In this ongoing series, we ask executives, entrepreneurs and business leaders about mistakes that have shaped their business philosophy.

Eric Dunn

Background:  

Quicken makes personal money management software and is based in the Bay Area. It was sold to H.I.G. Capital this year after being owned by Intuit. 

Before becoming CEO of Quicken in March 2016, Eric Dunn spent 20 years at Intuit. In 1986, he joined Intuit as its fourth employee and worked as a programmer, CFO, general manager of Quicken and Intuit's first CTO. He retired from Intuit in 2000 to pursue a second career in technology investing, as a venture capitalist at Cardinal Venture Capital from 2003 to 2010. He returned to Quicken in 2015.

The Mistake:

I spent a decade as a tech investor. I was at a venture firm for seven years. The companies that I loved were payment-related companies; I loved the idea of using tech to move funds reliably, quickly, securely, and felt there was a lot of friction in the existing payment mechanism. I was forever looking for the next PayPal.

The harshest lesson that I learned in investing was one of those payment investments.

I invested in micro-payments. It was in vogue in the '90s, then not in vogue and it’s off the radar screen now. The investment was in a web-based solution that would allow people to buy digital content for a few cents, a dime or nickel. What we imagined was that our solution would be a way for content publishers, writers, musicians, artists, poets, to get people to pay in a low-friction way for content on the web.

The company built an elegant solution. ... It was relatively simple, but you had to pay. I thought it was the sweetest concept ever. I invested with enthusiasm in 2003.

What we learned pretty quickly, although it was elegant, reliable, secure—no one wanted it.
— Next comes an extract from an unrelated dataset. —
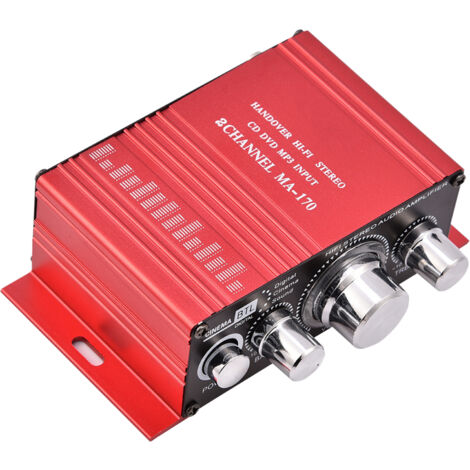 Amplificateur Audio Numérique Mini 12V 2 Canaux HiFi Stéréo avec Basse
The primary customers for the service, the publishers … nobody wanted it

It was a harsh reality check.

As investors, we were so in love with the concept, we hired three CEOs in three years thinking that if we got the right talent, it would take off. We were stubborn and shortsighted as a board not to accept that reality more quickly.

The company closed its doors after three years.

We hired three CEOs in three years thinking that if we got the right talent, it would take off. 

The Lesson:

That was a clear lesson in building a company, investing in a company, that it’s pretty important to have a product consumers want. If you look at the value of Quicken, we put customers first. You have to start with the customers or else you’re in a heap of trouble.

On the rebound from that unfortunate experience with micro-payments, I made an investment in (what was formerly known as) Adaptive Planning. This was a company building on the web, a financial planning tool. It was a tight logical case, there was customer demand for this offering, so it was a cautious investment decision.

One of the things I became more disciplined about before an investment decision, is to make sure I talk to live customers of the product. I was pretty thorough in customer reviews before making an investment in Adaptive Insights (a cloud corporate performance management and business intelligence platform).

Follow Quicken on Twitter at @Quicken

Photo courtesy of Quicken.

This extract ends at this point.